At this point, CUPS has done its job. But it does not necessarily mean MOC gets phone control.

In order for OCS to accept the "200 OK" message from CUPS, CUPS' IP address must be added to OCS "Host Authorization" (please note, it's IP address, not hostname or FQDN).


Don't forget to restart OCS Front End services after making changes.

The best tool to debug OCS/CUPS integration is on OCS. Right-click on the pool > Logging Tool > New Debug Session. Choose SIP Stack. Optionally, you may filter by the MOC user ID in the filter settings.

Known caveats:

1. CUPS sent "200 OK" for the INVITE. But MOC still not getting phone control.

This is because OCS doesn't trust CUPS. OCS SIP stack log will show "SIPPROXY_E_INVALID_RECORD_ROUTE"

Resolution: Check "Host Authorization" on OCS.

2. Load balancer

If you have load balancer for OCS, more likely than not, you will run into "one-way phone control" issue. The symptom is: you can make phone calls from MOC. But the call status was not updated on MOC. For example, when the call was connected, MOC still showing "calling".

This problem was caused by misconfiguration of load-balancing.

When OCS sends message to CUPS, it doesn't go through load-balancer (based on your exsiting configuration).

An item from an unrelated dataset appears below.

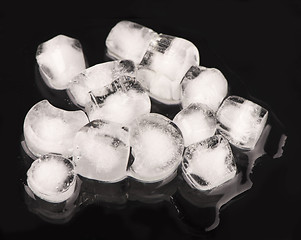 Image showing Ice cubes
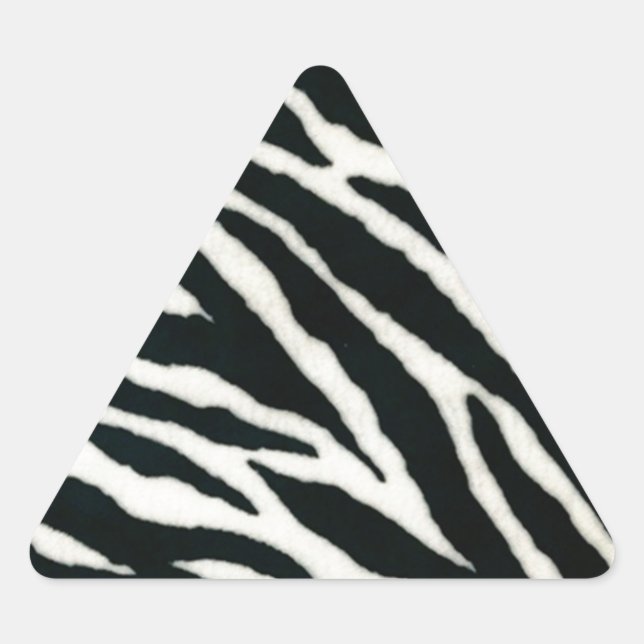 Sticker Triangulaire RAB Rockabilly Zebra Imprimer noir et blanc (Devant)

When CUPS tries to reply to OCS, it looks up DNS and DNS resolve the pool name to the load-balancer virtual IP. So the traffic goes through load-balancer to get to OCS. When OCS received the message, the last hop was load-balancer. However, the load-balancer didn't add its IP to the SIP header. OCS will reject this message and send "400 Missing correct Via header" to CUPS.

Resolution:
Check your load-balancer, see if it's capable of modifying SIP header. Or contact Microsoft to see if they can turn off the "Via header" check on OCS.